Member of the South Carolina House of Representatives from the 2nd district
- In office 1965–1966
- In office 1969–1970

Personal details
- Born: January 22, 1923 Lexington, South Carolina, U.S.
- Died: November 25, 2022 (aged 99) Eugene, Oregon, U.S.
- Party: Democratic
- Education: University of South Carolina

= Preston Callison =

American attorney and politician (1923–2022)
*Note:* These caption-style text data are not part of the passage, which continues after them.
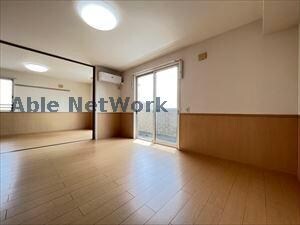 オリーブガーデンの物件内観写真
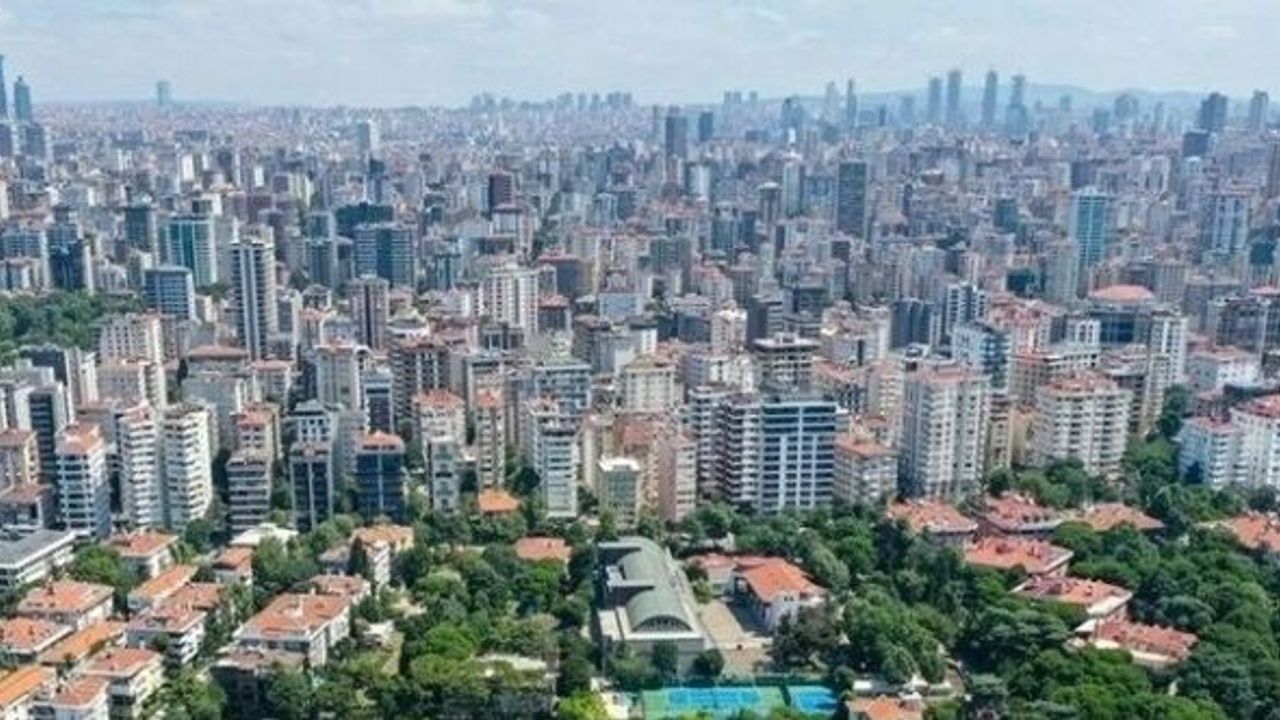 TÜRKİYE'DE EN ÇOK KONUT O İLÇELERDE SATILDI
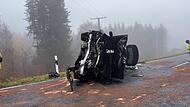 Tödlicher Frontalcrash auf Landstraße: 19-Jährige und 16-Jährige sterben bei Kollision Tödlicher Frontalcrash auf Landstraße: 19-Jährige und 16-Jährige sterben bei Kollision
Preston Harvey Callison Sr. (January 22, 1923 – November 25, 2022) was an American attorney and politician who represented his native Lexington County, South Carolina, as a Democrat in the South Carolina House of Representatives. His tenure extended for two nonconsecutive terms from 1965 to 1966 and 1969 to 1970.

==Life and career==
Callison was born in Lexington, South Carolina on January 22, 1923, as the son of Tolliver Cleveland Callison and Margaret Reel Callison. He graduated from Lexington High School, before attending the University of South Carolina. It was there he met Helen Elizabeth Leppard; they married on July 9, 1949 and had five children. He served in the Army Air Force during World War II, before returning to the University of South Carolina Law School, earning a degree by 1947.

Callison died in Eugene, Oregon on November 25, 2022, at the age of 99.